Securities Law
Attorney Not Liable for Alleged Fraudulent Sale of Securities
In a June 28 opinion of the
Sixth Circuit Court of Appeals, it affirmed the dismissal of claims asserting
that the attorney was personally responsible for alleged fraud in the sale of a
series of oil and gas ventures. Bennett v. Durham, No. 11-5782/5918 (6th
Cir. June 28, 2012).
Kentucky’s state securities law,
referred to as the “blue sky” law, imposes liability upon persons who offer or
sell a security in violation of the blue sky laws, upon each person controlling
a seller and each partner, officer and director thereof. In connection with allegations that interest
in certain oil and gas ventures were sold pursuant to material misrepresentations
and omissions, certain investors sued the companies at issue and their
officers, and also sued the attorney who prepared the documents on behalf of
the companies.
The attorney in question was
not an officer, director or partner in any of the issuers, and it was
undisputed that his services extended only to the preparation of documents and
availability (utilized in a single instance) to answer questions presented by
potential investors. Importantly, the
attorney did not either identify potential investors or solicit their
individual investment.
Carefully scrutinizing the
language employed in the statute, the Sixth Circuit, as have a number of other
courts that are surveyed in the opinion, determined that the preparation of
documents does not constitute either offering or selling securities.

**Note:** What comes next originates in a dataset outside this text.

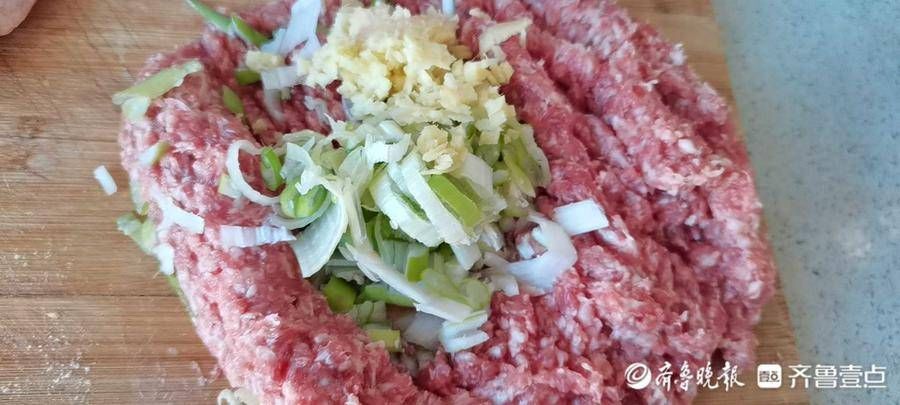 壹粉食堂|满口飘香!皮薄劲道的豆腐鲜肉包来啦,一口气吃好几个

While the underlying securities may in fact have
been fraudulent:
His [the attorney’s] clients sold
the shares, and we do not attribute the transaction of a client to its
attorney. An attorney may draft an
offering memorandum for his client, but that does not mean the attorney, as
opposed to the client, offers to sell the securities. The client and its broker-dealers sell the
securities. Slip op. at 4.
The United States Supreme Court,
in the Central Bank decision,
determined that there is not “aiding and abetting” liability for breach of the
securities laws. This decision of the
Sixth Circuit continues that philosophy and protects accountants, attorneys and
other advisors to an issuer from liability for the actions of the issuer.